Material shown
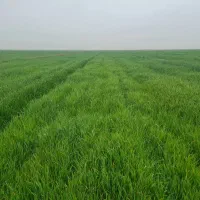 زمین کشاورزی هویزه|فروش زمین و ملک کلنگی|سوسنگرد, |دیوار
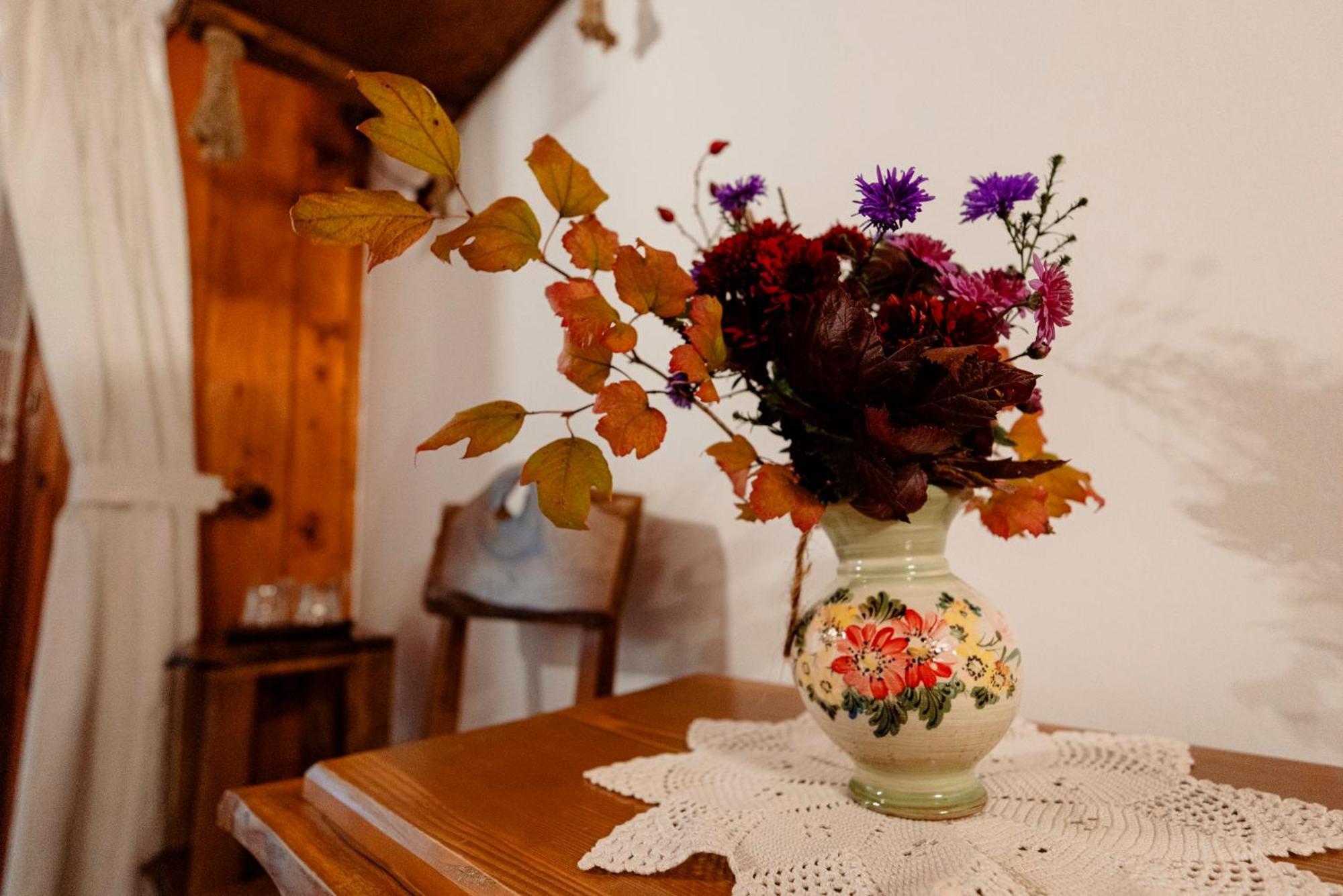 Pensiunea Doina Vadu Izei Buitenkant foto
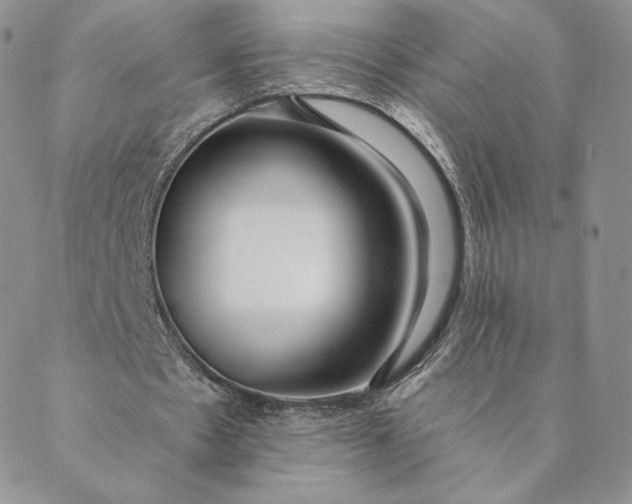 X0000088610481200706081438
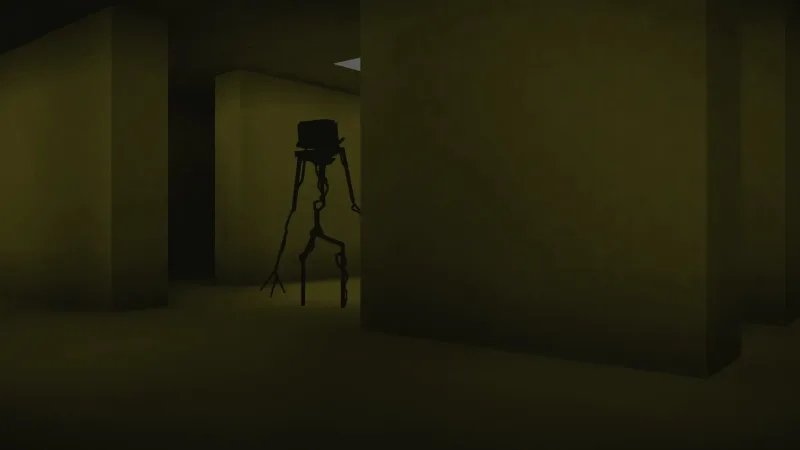 后室（录像带发现） The Backrooms (Found Footage)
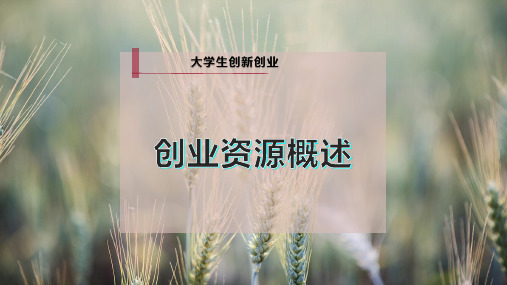 创业资源概述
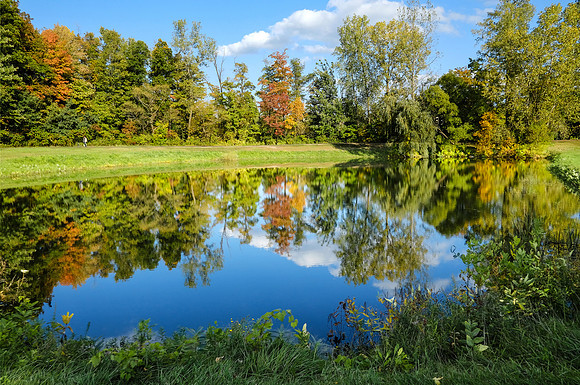 North Ponds Park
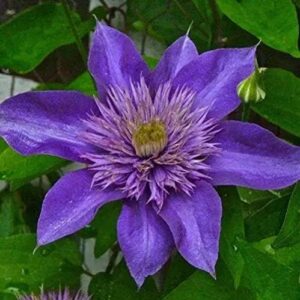 100Stück lila Clematis Samen Schöne mehrjährige Terrassenbepflanzung ist eine dekorative Blume die oft in Event Ausstellungen verwendet Wird und außergewöhnliche Effekte bringt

What you have to do
After removing the pictures, restate the whole listing above word for word.

Response
 زمین کشاورزی هویزه|فروش زمین و ملک کلنگی|سوسنگرد, |دیوار
 Pensiunea Doina Vadu Izei Buitenkant foto
 X0000088610481200706081438
 后室（录像带发现） The Backrooms (Found Footage)
 创业资源概述
 North Ponds Park
 100Stück lila Clematis Samen Schöne mehrjährige Terrassenbepflanzung ist eine dekorative Blume die oft in Event Ausstellungen verwendet Wird und außergewöhnliche Effekte bringt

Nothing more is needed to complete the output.